(Dataset items)
•••

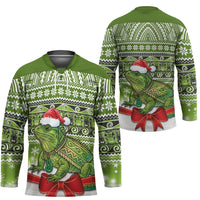 New Zealand Tuatara Christmas Hockey Jersey Maori Inspired Knitted Patterns LT9 - Polynesian Pride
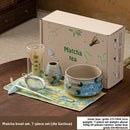 Hand-painted Matcha Tea Whisk Set with Ceramic Bowl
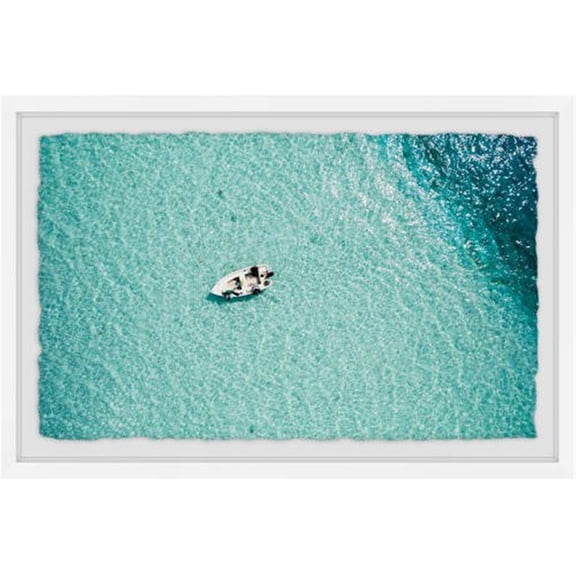 Marmont Hill Mh-Hasish-01-Wfpfl-45 30" X 45" "Clear Blue Lake" Framed Giclee Painting On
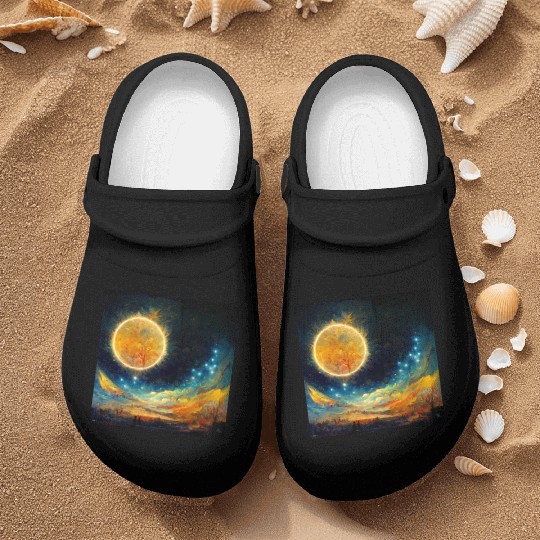 Full moon and Sun Nurse Clogs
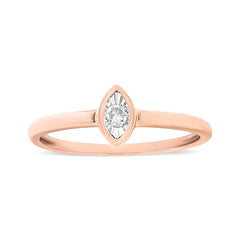 14K Rose Gold Plated .925 Sterling Silver Miracle Set Diamond Accent Pear Shape Promise Ring (J-K Color, I1-I2 Clarity)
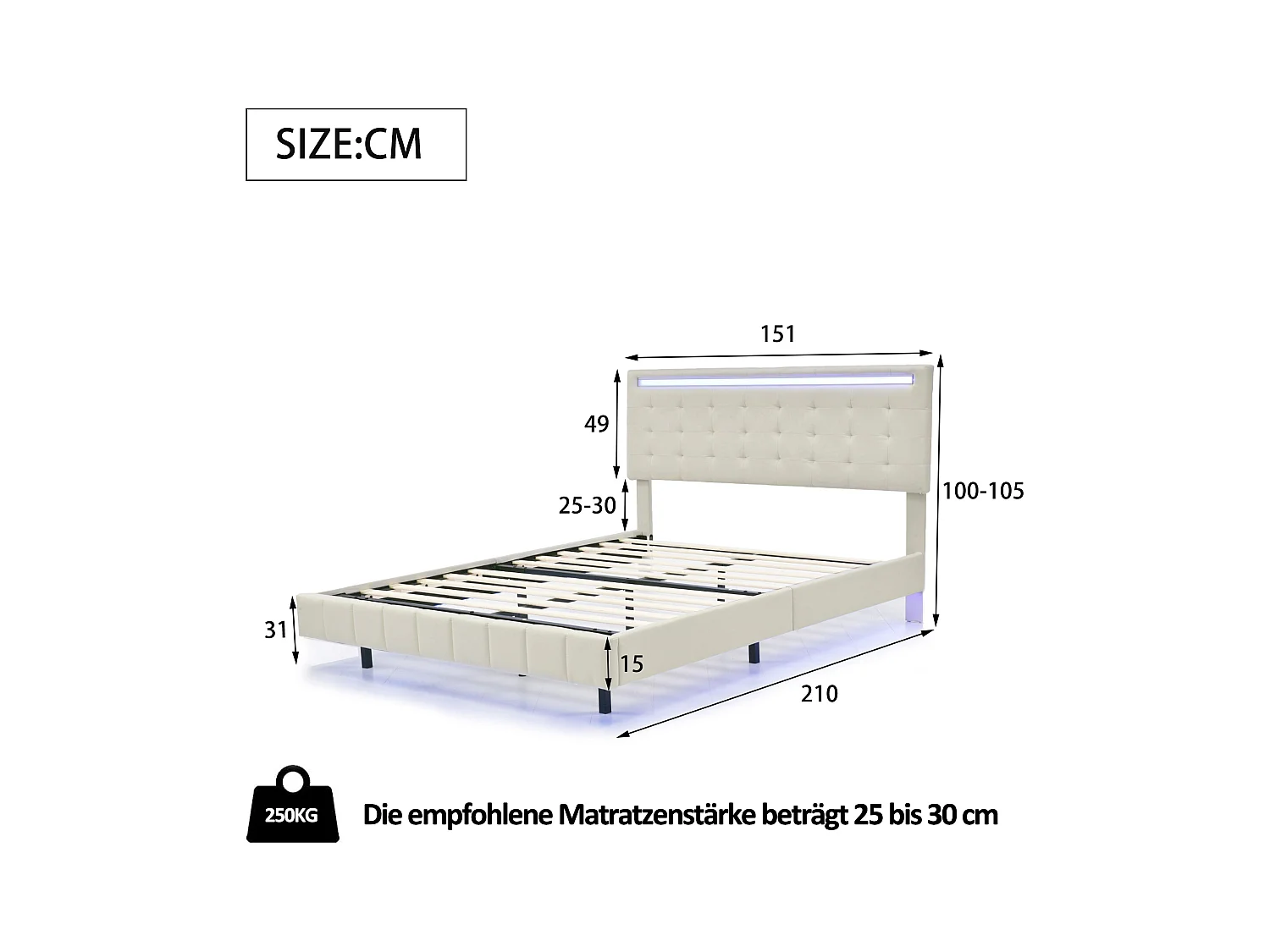 Tweepersoonsbed 140x200 cm - Volwassen bed met LED-verlichting en USB-oplader - beige linnen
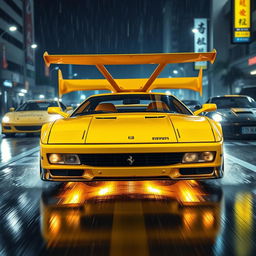 A thrilling front view of a 1992 Ferrari 512 Testarossa, vividly showcased in a bright yellow color and featuring a Japanese tuning race style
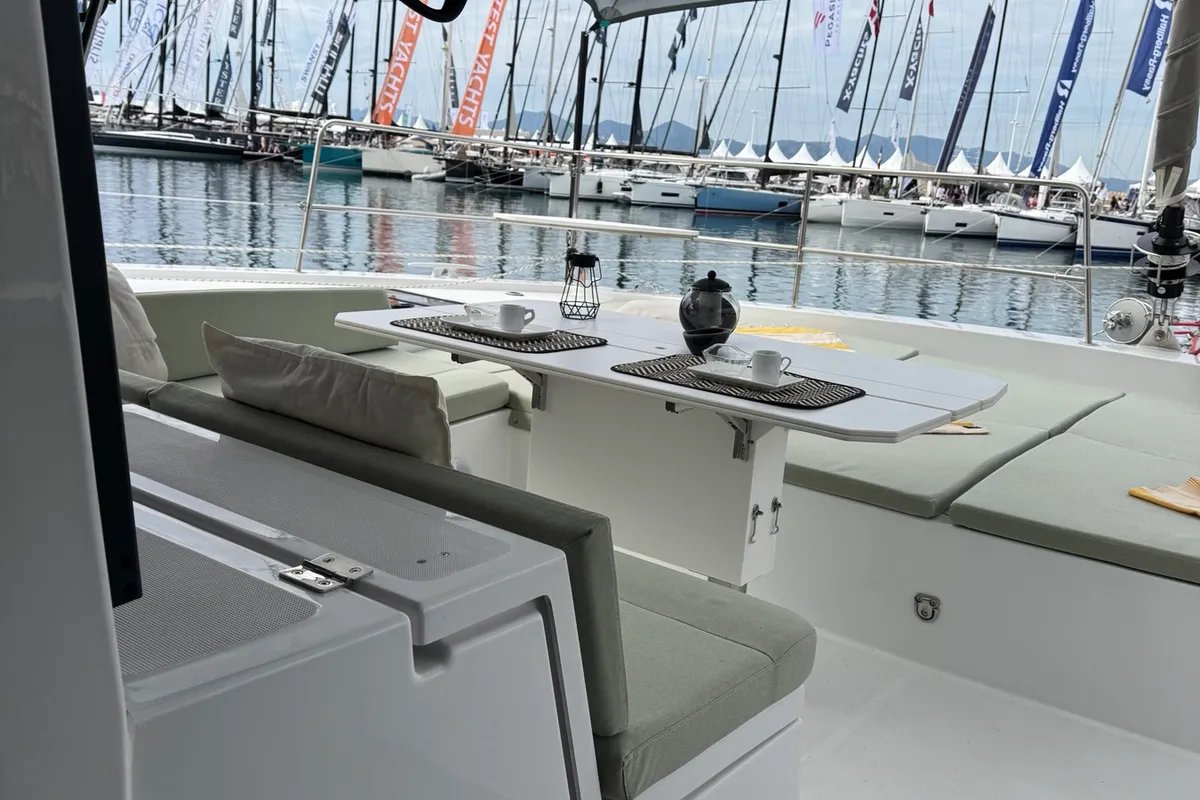 Deck of Katalea, a Bali 4.6 catamaran at Municipal Unit of Lefkada, Greece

•••

Set down exactly the lines from the start of the records through the line containing "14K Rose Gold", both included, and omit the pictures.

▸ Expected answer
 New Zealand Tuatara Christmas Hockey Jersey Maori Inspired Knitted Patterns LT9 - Polynesian Pride
 Hand-painted Matcha Tea Whisk Set with Ceramic Bowl
 Marmont Hill Mh-Hasish-01-Wfpfl-45 30" X 45" "Clear Blue Lake" Framed Giclee Painting On
 Full moon and Sun Nurse Clogs
 14K Rose Gold Plated .925 Sterling Silver Miracle Set Diamond Accent Pear Shape Promise Ring (J-K Color, I1-I2 Clarity)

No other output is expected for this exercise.